Salah Abdeslam a utilisé pendant plusieurs mois avant son arrestation une carte de crédit prépayée anonyme de la société bpost pour se déplacer dans toute l'Europe, a affirmé ce vendredi à la Chambre Philippe de Koster, le directeur de la Cellule de Traitement des Informations Financières (CTIF) du blanchiment d'argent, réclamant la suppression des cartes prépayées.

Le Conseil des ministres a donné vendredi son feu vert à l'interdiction de cartes SIM anonymes des téléphones mobiles. Cette décision vise à rendre plus difficiles les communications entre terroristes. Le directeur de la Cellule de Traitement des Informations Financières (CTIF) juge toutefois que les cartes de crédit prépayées anonymes, qui permettent le financement du terrorisme, sont au moins aussi dangereuses. "Ces cartes sont l'instrument préféré des terroristes", dit-il. Salah Abdeslam a lui-même fait usage de telles cartes, a-t-il ajouté. Philippe de Koster a obtenu ces renseignements quelques jours après les attaques de son homologue luxembourgeois, bpost ayant confié la gestion de ces paiements électroniques à une société luxembourgeoise. La Cellule de Traitement des Informations Financières (CTIF) a dès lors interrogé bpost, qui a pu fournir des informations utiles liées à Salah Abdeslam au cours des mois avant les attentats à Paris.

Philippe de Koster a déploré la politique commerciale de bpost qui cherche à promouvoir ces cartes anonymes alors qu'elles représentent à ses yeux un danger.

Van Leeuw: une équipe d'enquête associe le FBI et des enquêteurs belges

La Belgique et le FBI ont créé une "joint investigation team" pour mener l'enquête sur les attentats qui ont frappé l'aéroport de Zaventem et la station de métro Maelbeek à Bruxelles le 22 mars dernier. "Il s'agit d'une première en Europe", a souligné vendredi le procureur fédéral Frédéric Van Leeuw à la Chambre.
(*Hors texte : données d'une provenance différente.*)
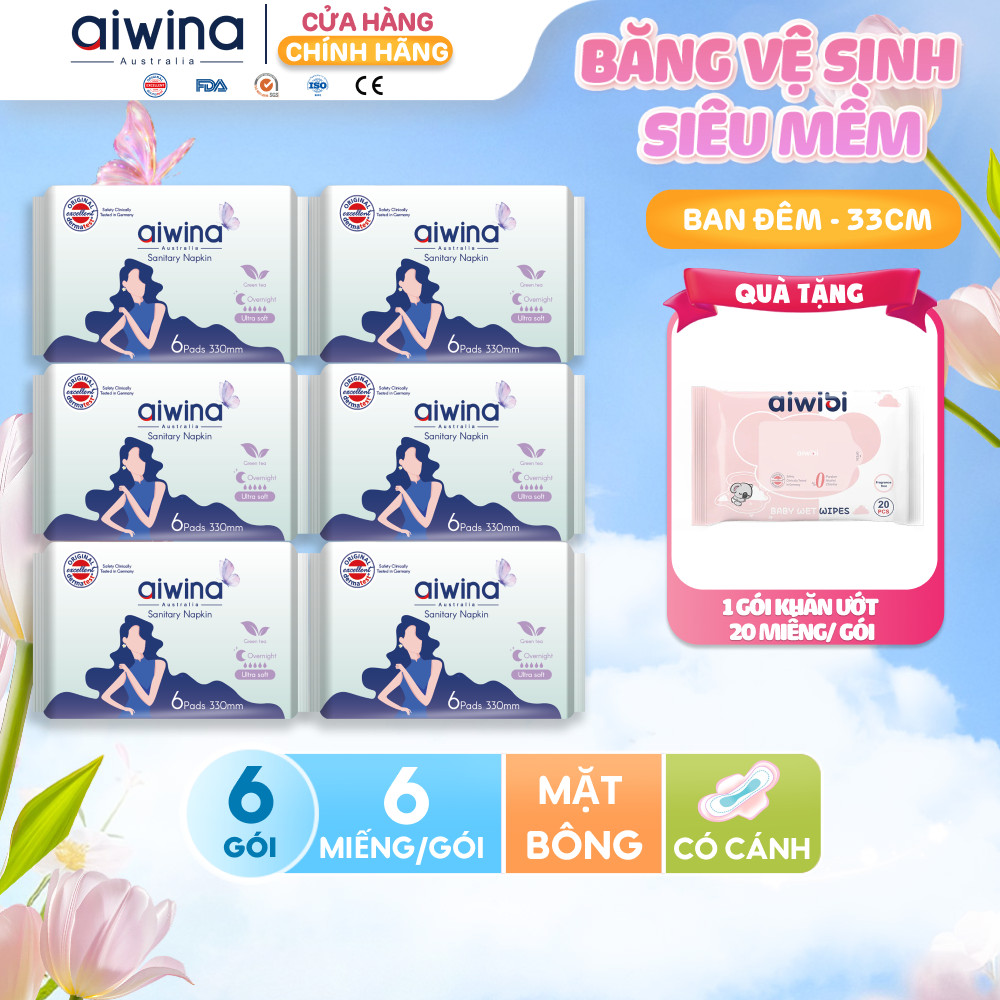 Combo 6 Băng vệ sinh Aiwina siêu mềm ban đêm 33cm gói 6 miếng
"Cela nous a déjà énormément aidés pour certaines choses", a expliqué le magistrat. "Les Américains ont en interne - et donc pas sur base d'une collaboration internationale - beaucoup plus de possibilités que lorsque la Belgique pose une question à l'étranger. C'est une aide très concrète."

Frédéric Van Leeuw a notamment fait référence à des déchiffrages de messages ou de données codées. "Il s'agit par exemple de certains cryptages, pour lesquels nous ne recevions pas d'autorisation, et qui sont tout d'un coup devenus possibles. Je n'irai pas plus loin dans les détails. Cela me paraît assez clair comme cela." Le procureur n'a pas souhaité expliquer s'il s'agissait de données d'iPhones ou de messages envoyés via le service WhatsApp.

La coopération du FBI avait été annoncée une semaine après les attentats, mais l'équipe officielle d'enquêteurs belges coopérant avec les Américains a été mise sur pied il y a deux semaines.

La conseillère en matière de sécurité intérieure et de contre-terrorisme du président Obama, Lisa Monaco, a effectué une visite en Belgique cette semaine pour développer cette collaboration.

Après les attentats de Paris, la Belgique avait mis sur pied avec les autorités françaises une équipe d'enquête commune.